WHAT THIS TASK INVOLVES: Extract every line between the one with "Rare vintage Stüssy" and the end of the entries, both included, word for word and free of pictures.

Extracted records
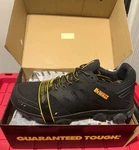 Dewalt Mens Prism Low Work Shoes Multiple Sizes Black Aluminum Safety Toe New. Fixed Price $80.00.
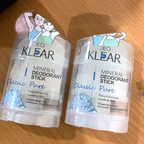 70 g DEOKLEAR Alaun Mineral Deodorant Stick Natürliche Formel Kristall Roll-on K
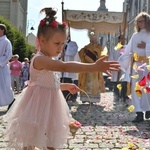 Procesja eucharystyczna na ulicach Głogowa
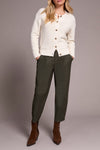 Tribal Button Front Sweater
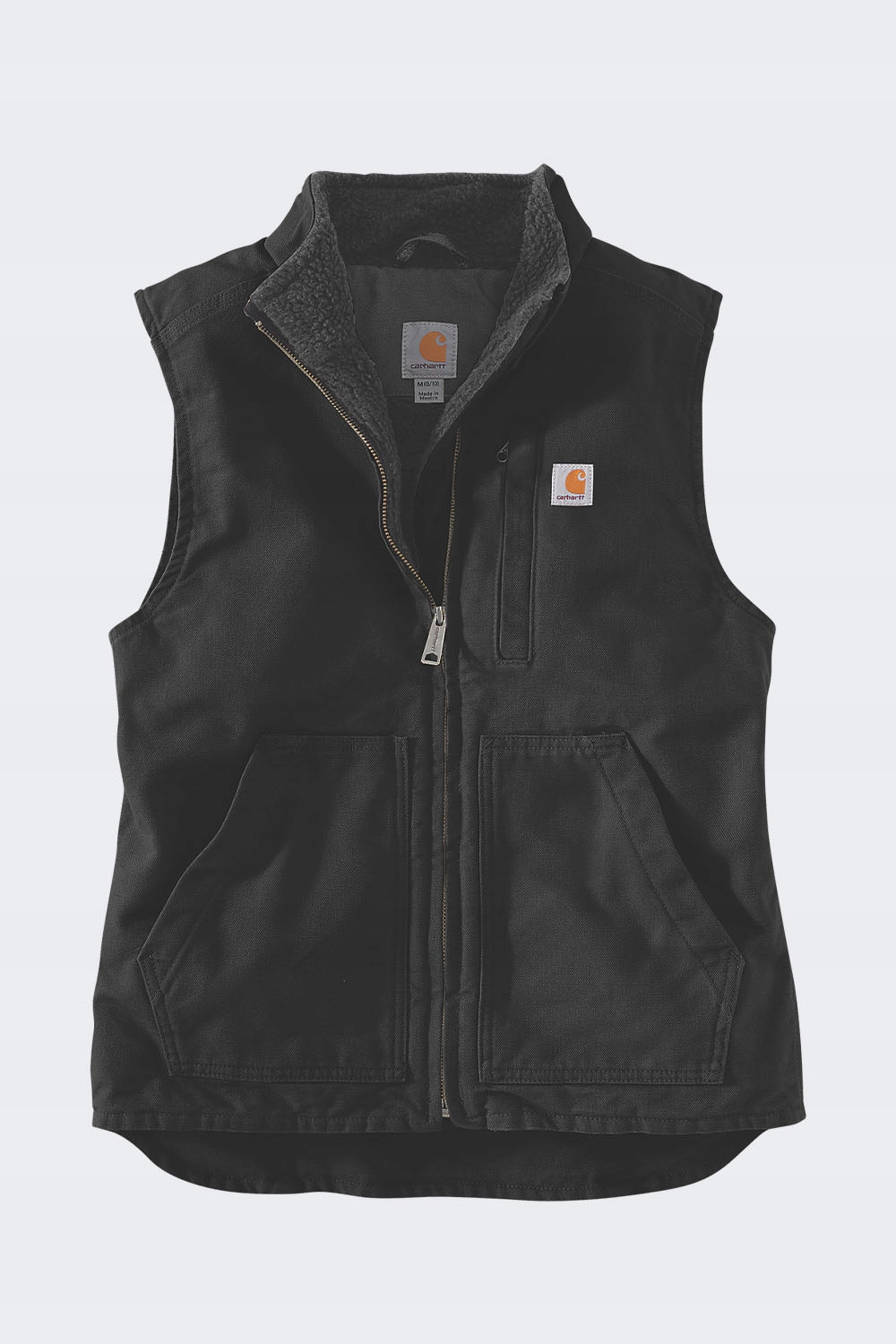 Dámská vesta Carhartt Sherpa Mock Neck Black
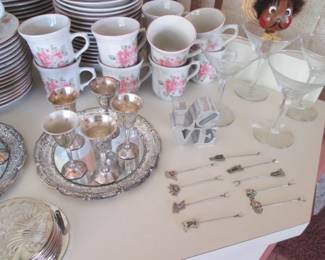 Silver Plate Serving Items
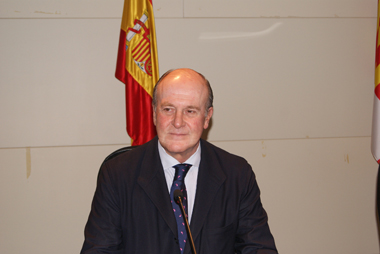 El presidente de Barcelona Meeting Point, Enrique Lacalle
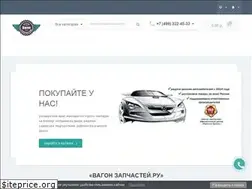 Sites similar to vagon-zapchastei.ru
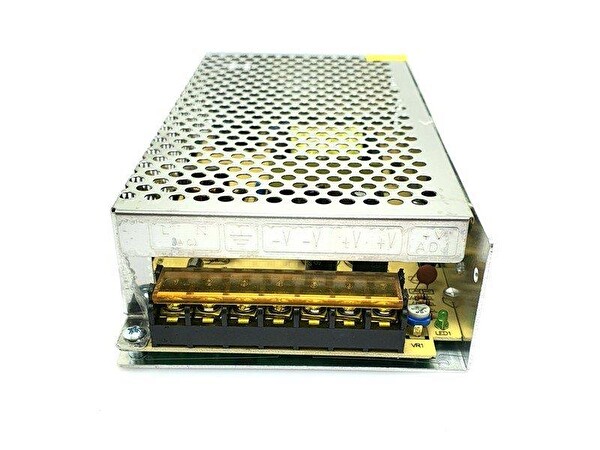 WellPower 12 V 10 Amper Metal Kasa Adaptör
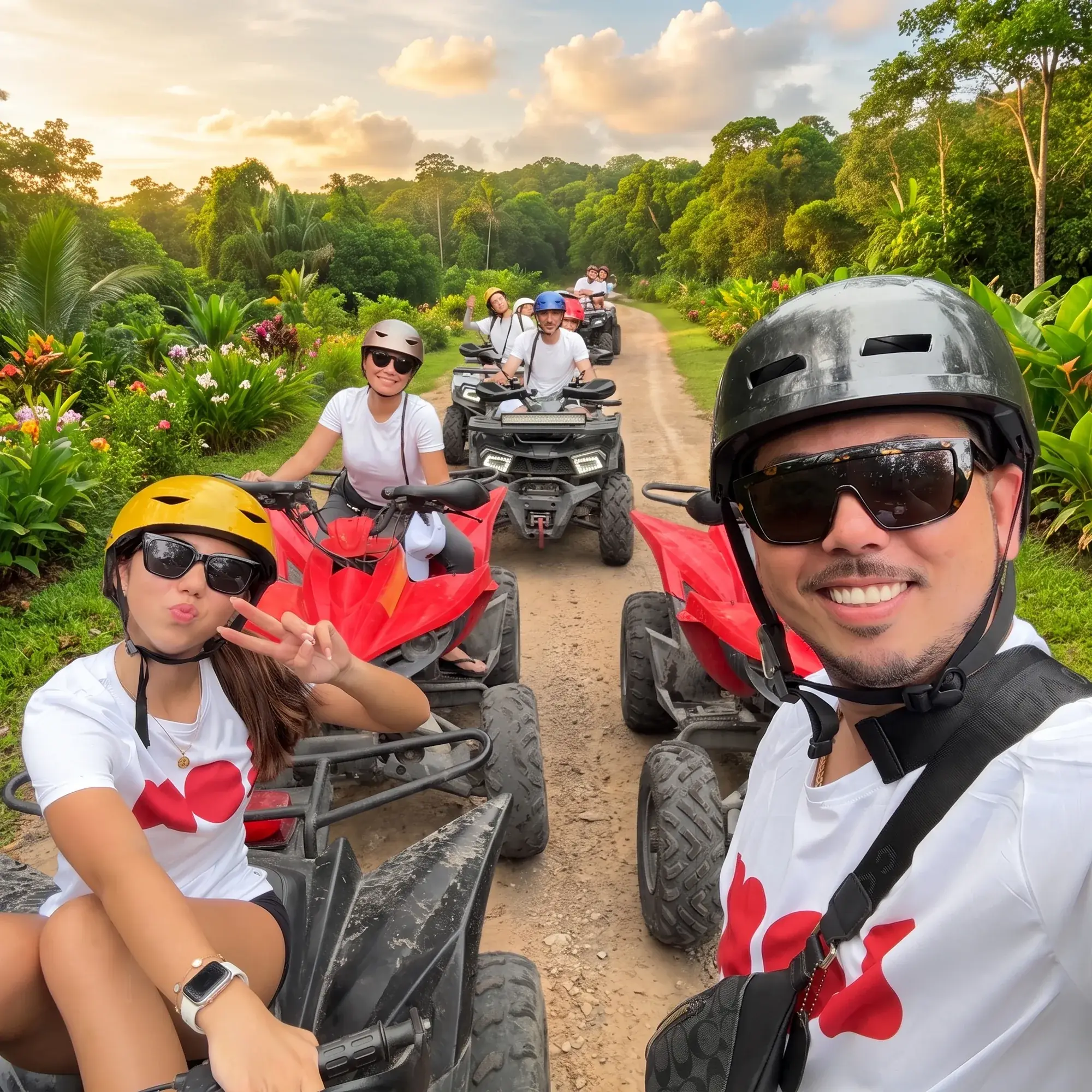 Excursión en quad por los alrededores de San Fernando, Camarines Sur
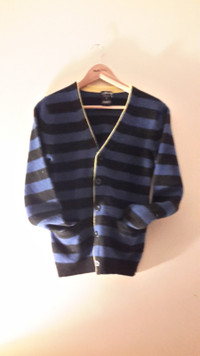 Rare vintage Stüssy designer cardigan -- like new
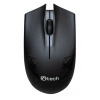 C-TECH WLM-08/Kancelárska/Optická/1 200 DPI/Bezdrôtová USB/Čierna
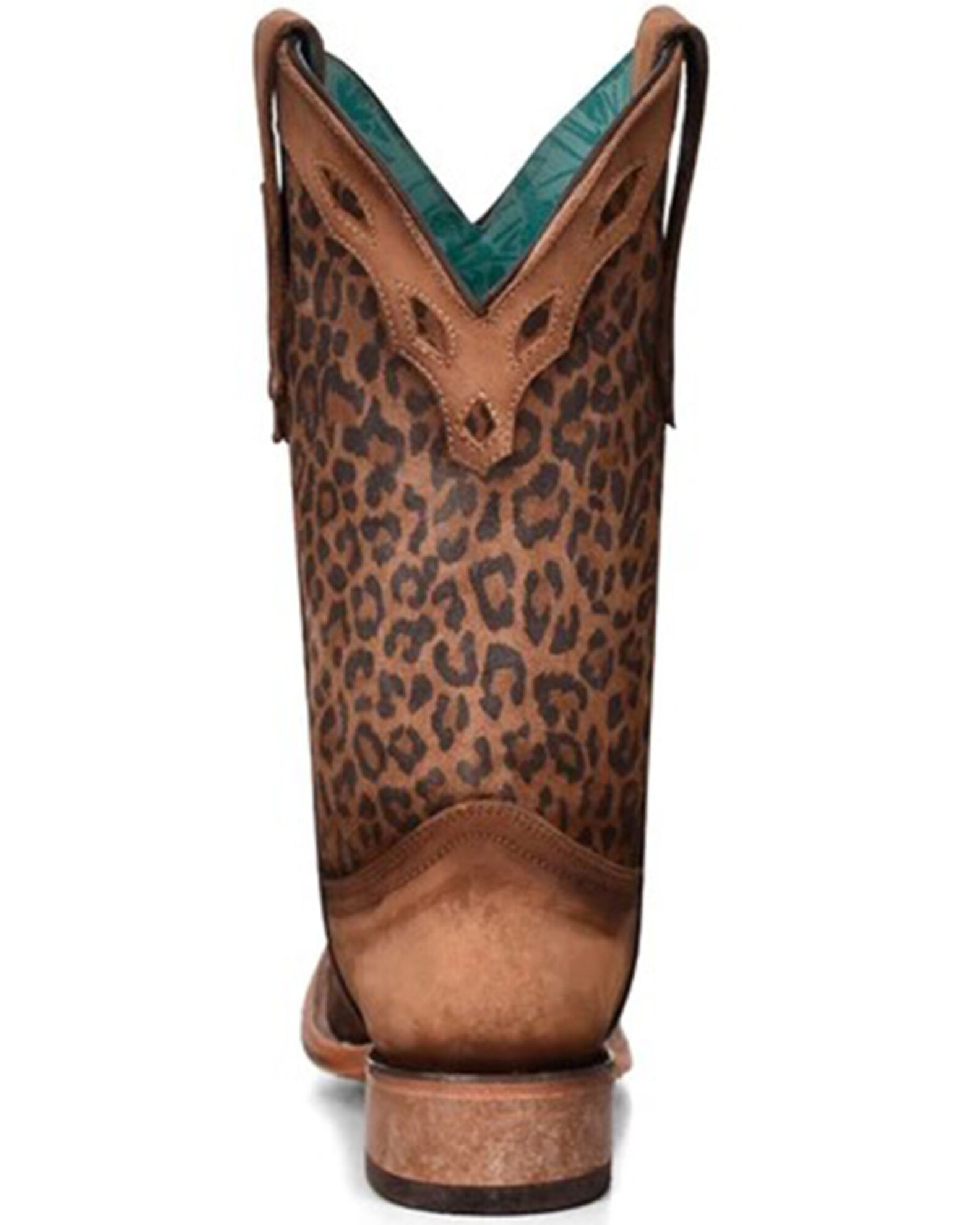 Leopard print cowgirl boots top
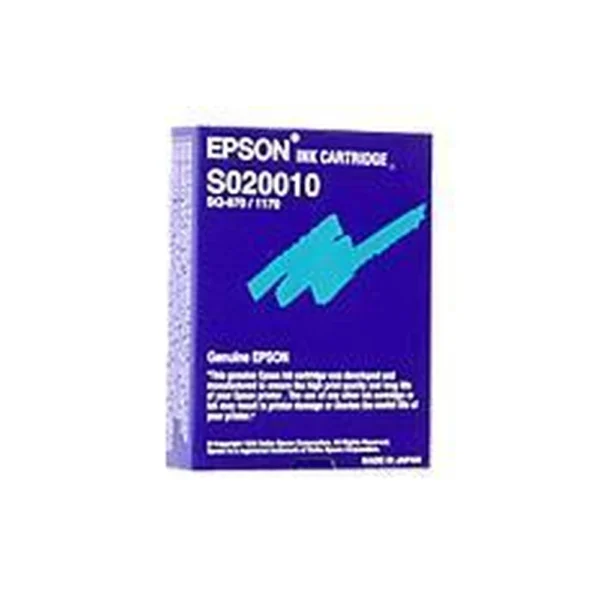 Epson C13S020010 Black Ink Cartridge - S020010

ANSWER SPACE:
 Rare vintage Stüssy designer cardigan -- like new
 C-TECH WLM-08/Kancelárska/Optická/1 200 DPI/Bezdrôtová USB/Čierna
 Leopard print cowgirl boots top
 Epson C13S020010 Black Ink Cartridge - S020010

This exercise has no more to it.